Autant dire que là, c'est quelque peu compliqué, et que la table a vite fait d'être renversée vu que le Diamat prend considérablement en taille et en poids, et les deux adultes reculèrent en vitesse. Les restes de café s'étalèrent au sol et le bruit de porcelaine cassée résonna dans l'appartement, mais ce ne fut rien en comparaison au grondement du Trioxhydre nouvellement évolué.

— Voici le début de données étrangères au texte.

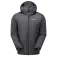 Montane Fortes XT jacket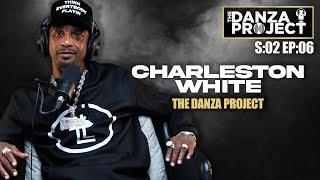 Charleston White: The Danza Project S:02 EP:06 FULL UNCUT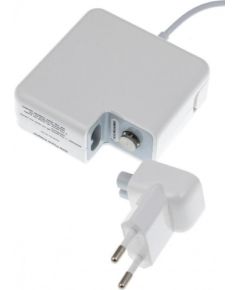 Green Cell Charger / AC adapter for Apple Macbook Pro Retina 13'''' A1425 Magsafe 2 16.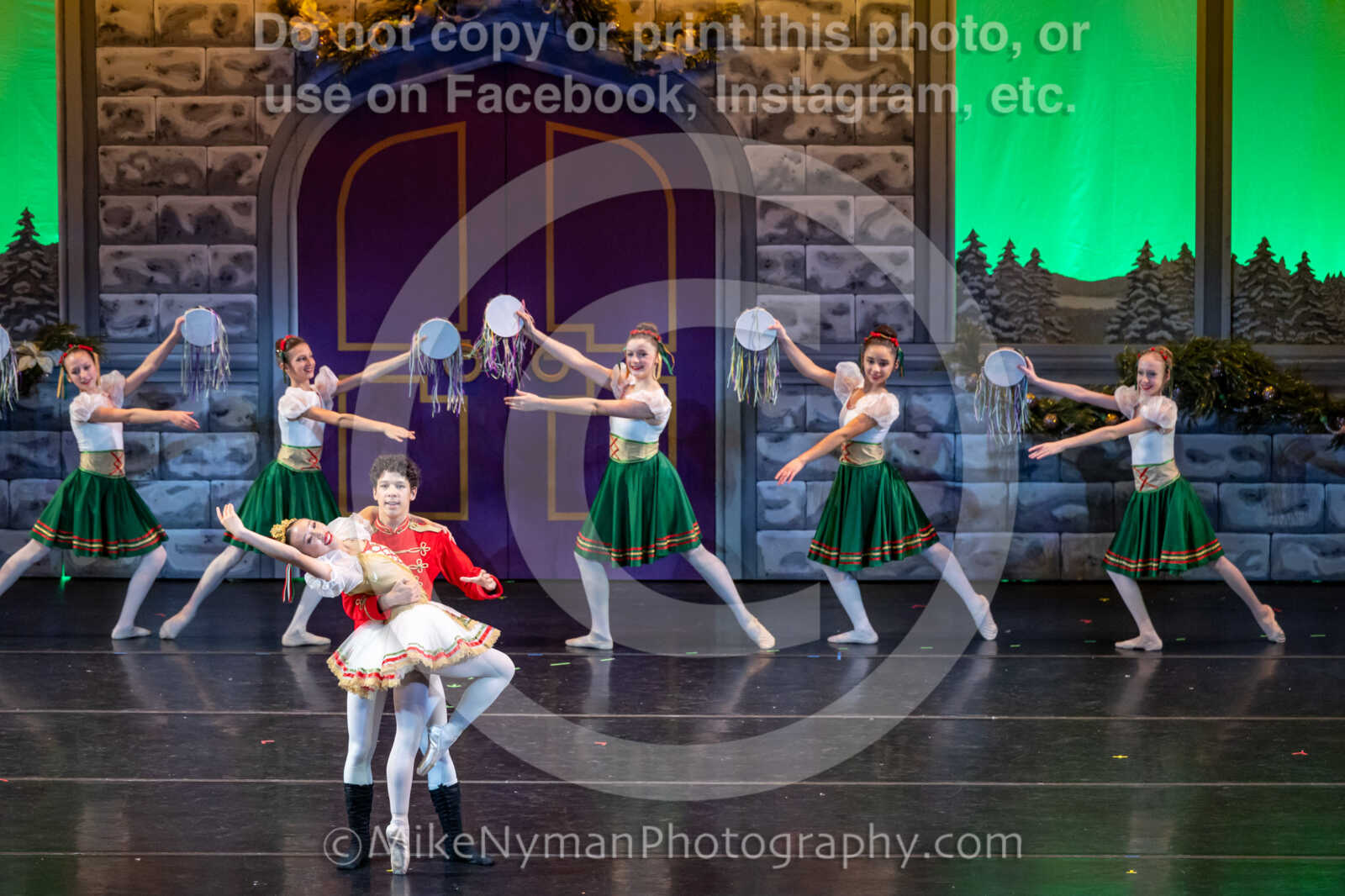 20251129143321-R3-592963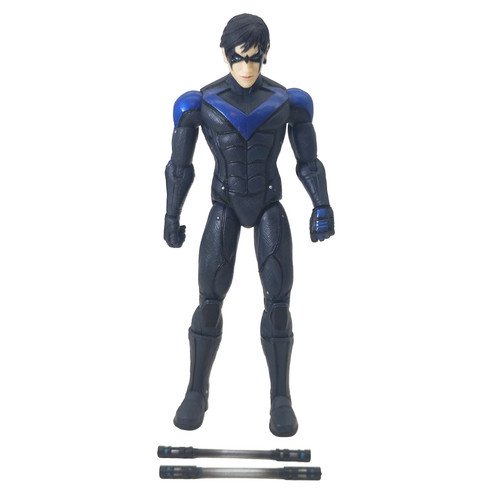 Figurine collection batman - figurine,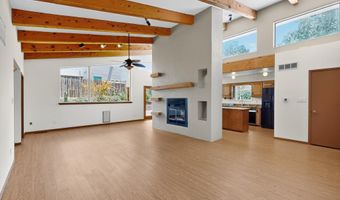 1865 Tramway Terrace Loop NE, Albuquerque, NM 87122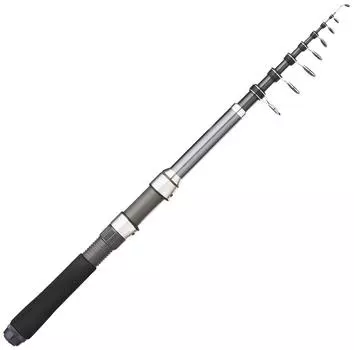 SHIMANO Rod 17 Holiday Pack 20 270T Choy Throwing Sabiki Fishing Marine Fishing Pond Spinning/Bait (Лодка-волнорезы)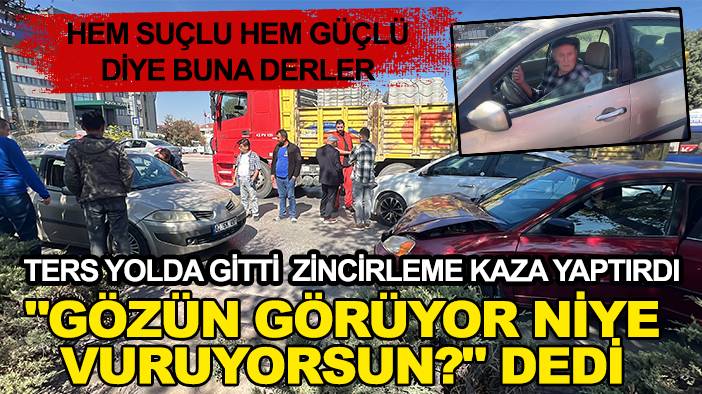 Konya’da bugün neler oldu? İşte günün dikkat çeken olayları 9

Faust et Nova se contentèrent de l'observer avec de grands yeux écarquillés et la mâchoire presque décrochée, peinant à croire ce qu'ils voyaient et était pourtant bien en train de se passer. Heureusement que le plafond de l'appartement était assez haut, parce que les têtes du Trioxhydre l'effleuraient. Le grand dragon cru alors que se précipiter vers Nova pour la couvrir de câlins serait une bonne idée, et la fit donc accidentellement tomber à la renverse, ce qui fit bien rire Faust, puis Nova à son tour. Au bout de quelques instants passés à grattouiller les cous de Clifford, la jeune femme se retourna vers lui, un sourire mi-triste mi-tendre sur son visage.
« Merci, Faust.
- Y'a pas de quoi. Allez, viens, on sort.
- Mais, euh... Où ça ?
- Aucune idée ! On verra bien au moment venu. Ah et je nettoierais, sinon, ne t'en occupes pas. Bon, tu me suis ?
- Mais...
- Ce n'était pas une question ! Du nerf, soldat ! »Nova se contenta de soupirer, mais ne pu s'empêcher de glousser, amusée. En remarquant ça, un sourire satisfait étira les lèvres de Faust : il n'était pas un spécialiste en matière de réconfort, mais si il pouvait au moins lui changer les idées, il était content.